KAITLIN: Do you have aspirations of – I know you say you like your work to be smaller and intimate– but not even making something that's in a larger medium, maybe something like video or animation using your artwork? Have you ever considered something like that?


LAURA:

Yeah! I really love video work. I've dabbled in it in the past. I think it's a really powerful thing. I just think my strengths are not in the digital realm. Collaboration is where my mind goes with that. And also, I feel very strongly about seeing artists that are doing similar things to me as like a community instead of like competition, because so much of my work is about connection, and like collective mind. I think it would feel really silly if I was feeling competitive against people on the same wavelength as me. So I really love the idea of collaborating with people that are doing different things with different mediums or doing similar things with different mediums. And I'd never wanna be roped into just doing the same thing with the same medium over and over again forever. Like, I just got back into oil painting, which has been like such a bitch to try and relearn.

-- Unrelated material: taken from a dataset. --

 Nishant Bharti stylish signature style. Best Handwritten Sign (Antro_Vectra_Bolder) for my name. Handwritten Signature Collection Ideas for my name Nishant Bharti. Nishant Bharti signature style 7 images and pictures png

KAITLIN: You have been very successful in the gallery space. You've had quite a few in-person showings! What has been kind of your experience getting involved with that.

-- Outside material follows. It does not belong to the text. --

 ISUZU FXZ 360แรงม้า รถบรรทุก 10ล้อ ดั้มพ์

LAURA: I am terrible at putting myself out there. So anytime I've had a show other than like, you know, my MFA thesis, I've had them reach out to me. That is something I do not take for granted, like I am so grateful for that, because I'm just really so terrible at networking in that way. But every time I do get to show my work in person. Like I said, I'm reminded of how valuable it is and also how it can transform the work. My work, a lot of times, just lives in my studio. I am grateful to be able to sort of live with it. But I do think it wants to be seen and so when I get to show work in a gallery or in an alternative space it feels very… almost like self indulgent to be able to put my work up on a wall and see what people think of it in real time. I have also had people say, which makes me so grateful to hear, is that they prefer seeing my work in person. I feel confident in my ability to document my work. I enjoy documenting my work. But I think sometimes there's a worry of like…. documenting it, and then people seeing it in person and being like, “Oh, I liked it better online.” So when I have somebody who gets to see the work in a gallery or in person, and then hear them say “Oh, I prefer this.” That’s incredible.